La svolta dopo Park Geun-hye
Finalmente il presidente uscente ha lasciato la sua residenza dopo mesi di furibonde manifestazioni per le strade della capitale Seul. Seguirà certamente l’incriminazione. Una nuova era per il Paese del sol levante?
Per la prima volta nella storia della Corea del Sud, che dal 1988 divenne uno Stato democratico, la presidente è stata destituita dalla Corte costituzionale; la controversa Park Geun-hye ha finalmente lasciato la “Casa azzurra”, cioè la residenza presidenziale, alla volta della sua villa privata dove l’attendevano alcune migliaia di sostenitori. Un atto che si pensa segnerà una svolta in una vicenda dolorosa per tutto il Paese e che ha diviso la nazione con una spaccatura profonda e netta: da una parte il partito conservatore, Liberty Korea party, che ha vinto le elezioni del 2012 con una maggioranza schiacciante; e dall’altra il partito democratico liberale (ora affiancato dalla maggioranza della popolazione), che chiedeva la sua destituzione, già dall’ottobre dello scorso anno, quando si ebbe cognizione dello scandalo.

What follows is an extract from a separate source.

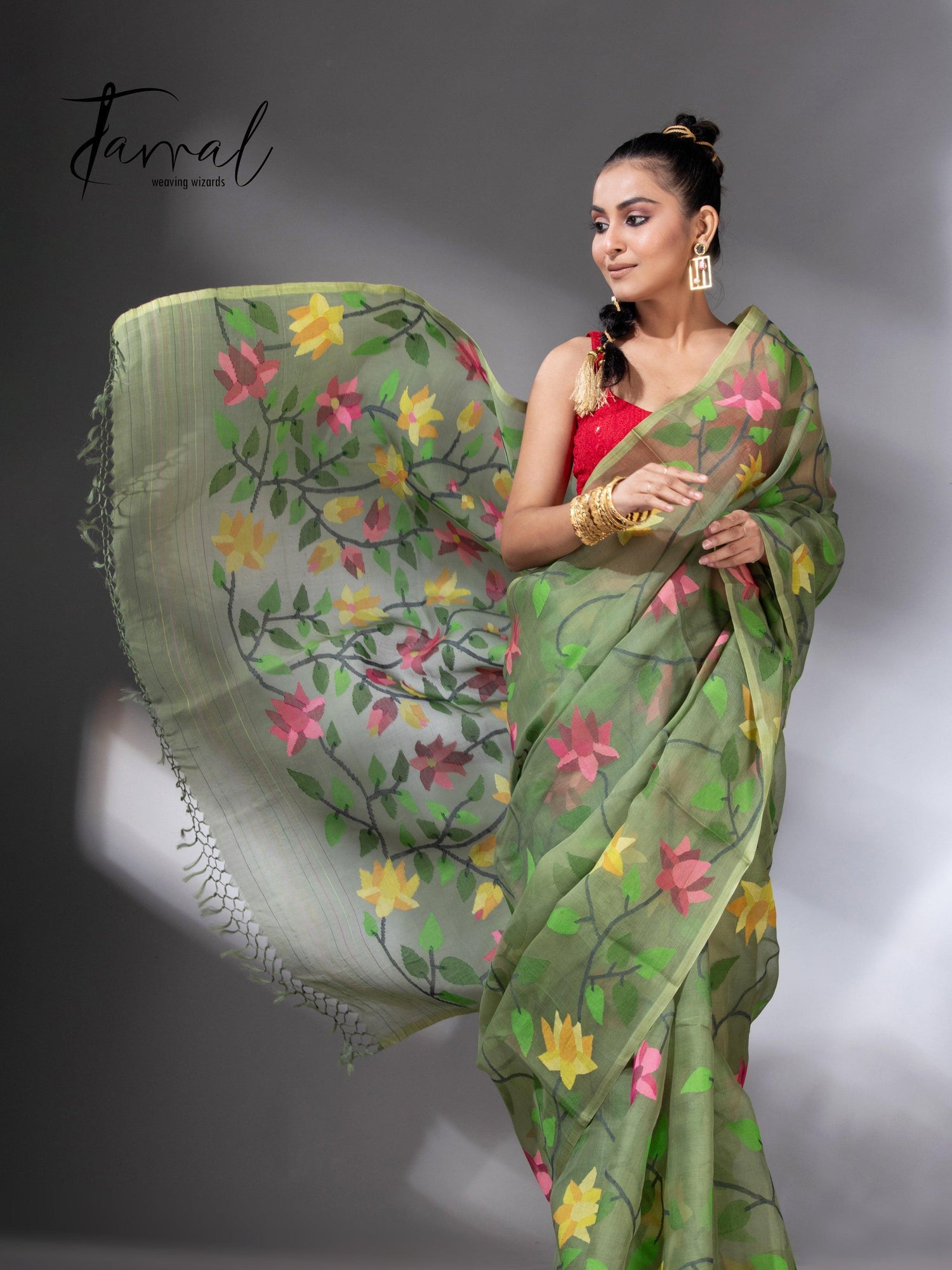 Mos green with multicolour 108 lotus motifs handwoven muslin silk jamdani saree - Tamal Boutique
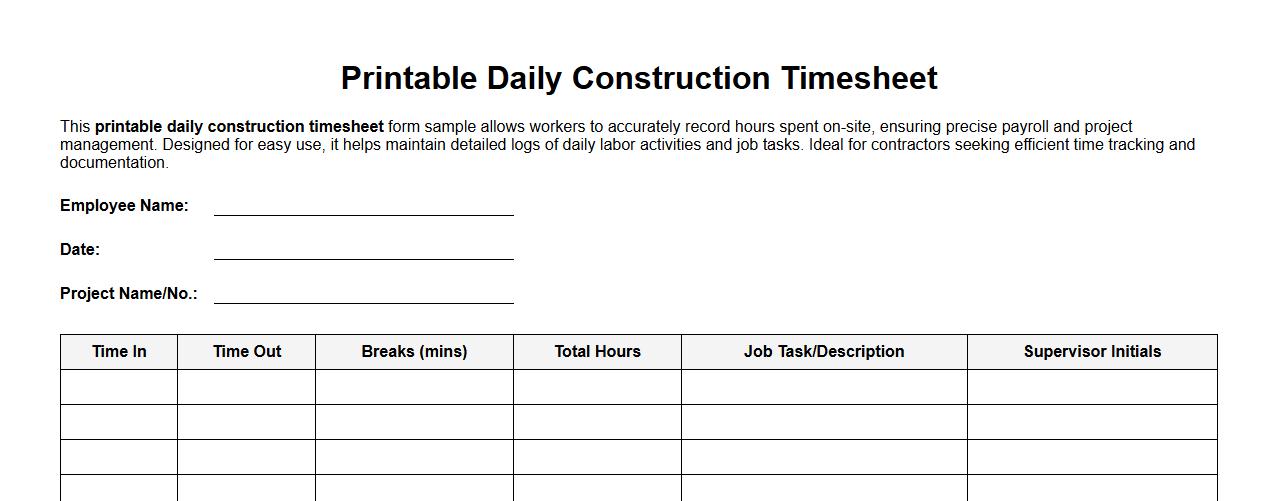 Printable daily construction timesheet form sample image preview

Figlia di un eroe nazionele, Park Geun-hye era riuscita con il suo partito a conquistare la vetta del potere in una delle “tigri” economiche asiatiche, con una vittoria schicciante e tante promesse fatte al popolo. Ma potere, denaro e successo possono inebriare anche le menti più lucide, portando alla rovina di una posizione acquisita: nella storia della Corea del Sud un fatto del genere non aveva precedenti.

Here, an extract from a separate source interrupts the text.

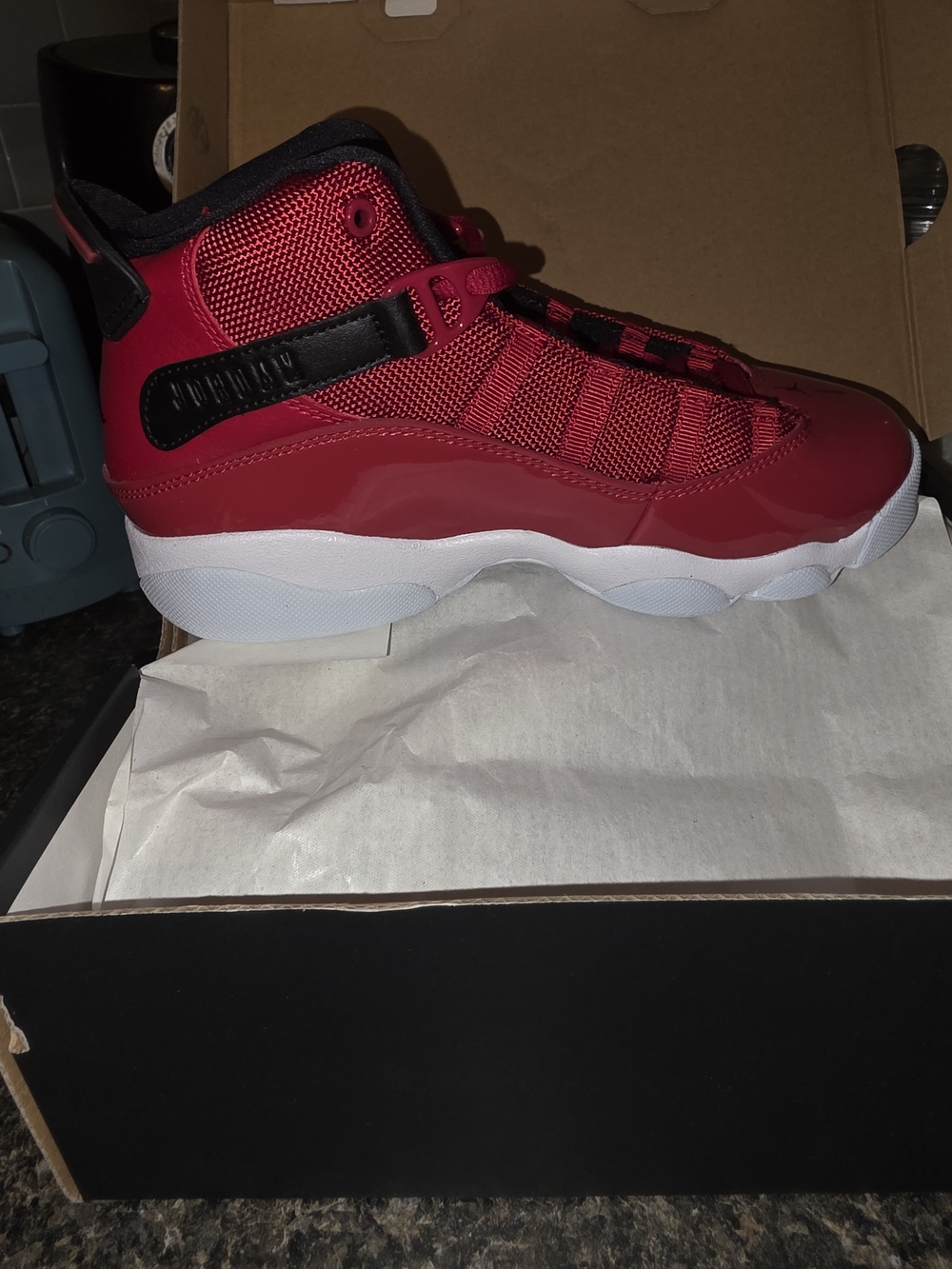 Jordan 6 Rings (PS) Unisex Kids Sneaker US 3Y Red/Black/White Leather 323432-601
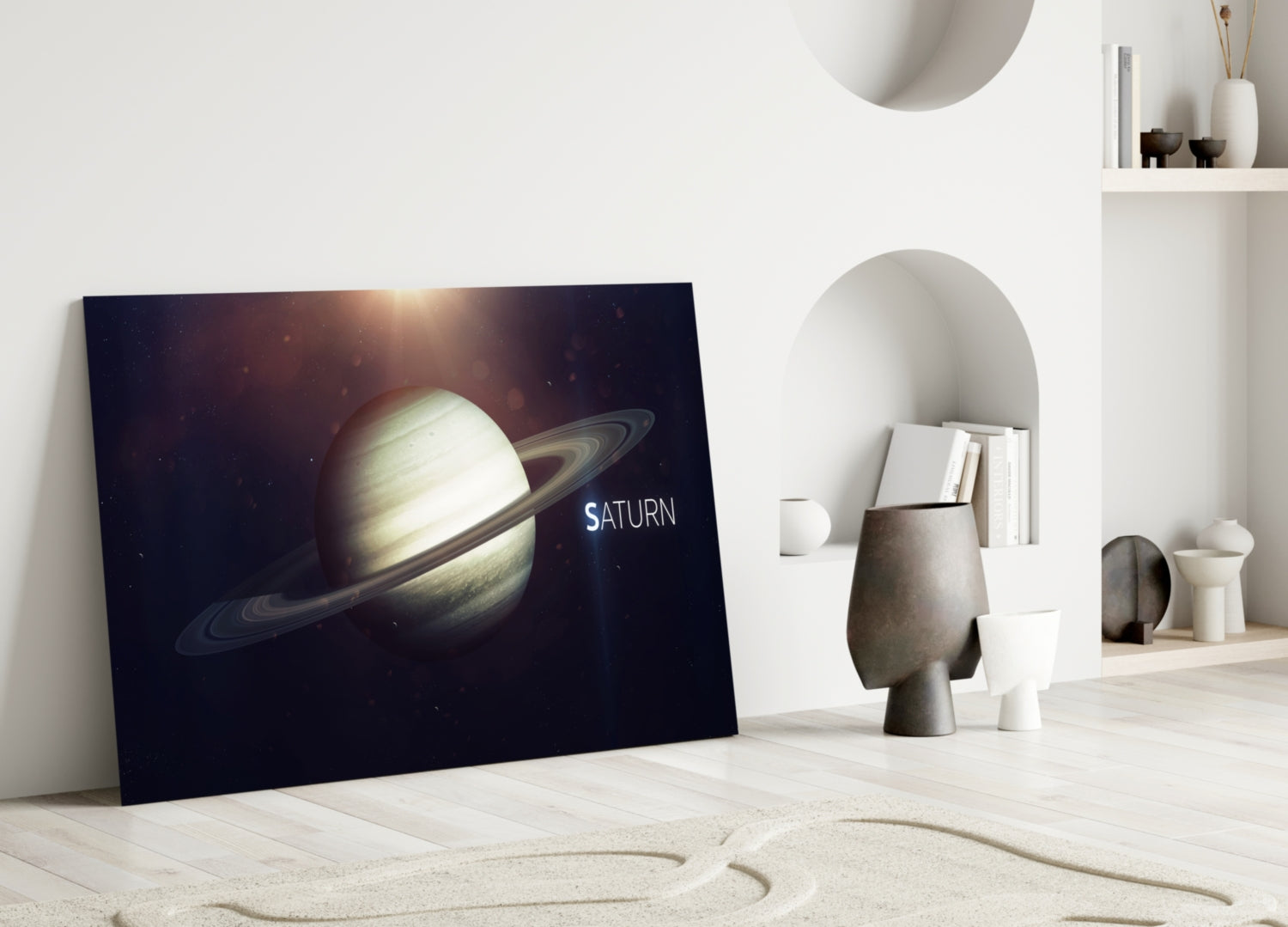 Saturn Glass Wall Art.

È la fine dell’ottobre 2016 quando le prime manifestazioni iniziano in Corea in seguito all’arresto dell’amica (e “sciamana”) della presidente, la signora Choi Soon-sil, con accuse gravissime: in pratica la Choi, amica inseparabile dagli anni Novanta della Park, avrebbe plagiato la presidente a tal punto che tutti i discorsi della medesima dovevano passare per la sua approvazione. Non solo, avvalendosi di quest’amicizia, se la si può definire così, la Choi ha avvicinato i dirigenti delle aziende coreane più importanti chiedendo tangenti in cambio di favori alla sua persona e ai suoi prossimi. La Choi intimava alla Park discorsi e azioni, dalla scelta del guardaroba alle scelte politiche e militari. Il tutto su uno sfondo di bizzarre opinione pseudo-religiose.

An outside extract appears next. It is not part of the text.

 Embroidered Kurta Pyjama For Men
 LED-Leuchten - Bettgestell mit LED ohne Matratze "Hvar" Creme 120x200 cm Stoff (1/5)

A dire il vero, il denaro per le fondazioni personali della Choi non erano mai mancato per l’elezione della presidente. Quel che più ha spaventato l’opinione pubblica è stata la scoperta nel computer della Choi di file segreti riguardanti la sicurezza nazionale, i rapporti col Giappone e la Corea del Nord, contro la quale, la presidente Park era stata sempre durissima. Non ha caso la Choi era stata definita «eminenza grigia» della Corea del Sud, con tentacoli che si estendevano anche all’estero. Un fatto non inedito per questo Paese, ma non in queste proporzioni. Queste dimissioni ormai spianano la strada a una vera e propria inchiesta giudiziaria contro la Park. Due delle maggiori aziende internazionali della Corea del Sud sono implicate nell’affaire. Dopo mesi di battaglie legali, il vice presidente della Samsung, Lee Jae-yong, conosciuto anche come Jay Y Lee, è stato arrestato il 17 febbraio scorso per aver pagato una cospicua somma di denaro alla Choi, apparentemente senza ricevere nulla in cambio, ma nei fatti per spianare la via alla fusione della Samsung con altre due affiliate. E questa è solo la punta dell’iceberg delle malefatte della Choi.
Cosa spera ora la maggioranza del popolo coreano? Che sia posta fine ai legami assai pericolosi tra potere politico e grandi imprese nazionali, una storia fatta di scandali di proporzioni ormai intollerabili per la sicurezza nazionale e internazionale, in particolare nella escalation delle tensioni tra le due Coree. Anche i rappresentanti delle religioni sono scesi in campo per chiedere le dimissioni della presidente e appoggiare una rinascita etica del Paese, considerata sempre più urgente per non dilapidare il sistema di valori del popolo coreano, fatto di fedeltà, semplicità, onestà, laboriosità, senso della giustizia, rispetto per il bene comune.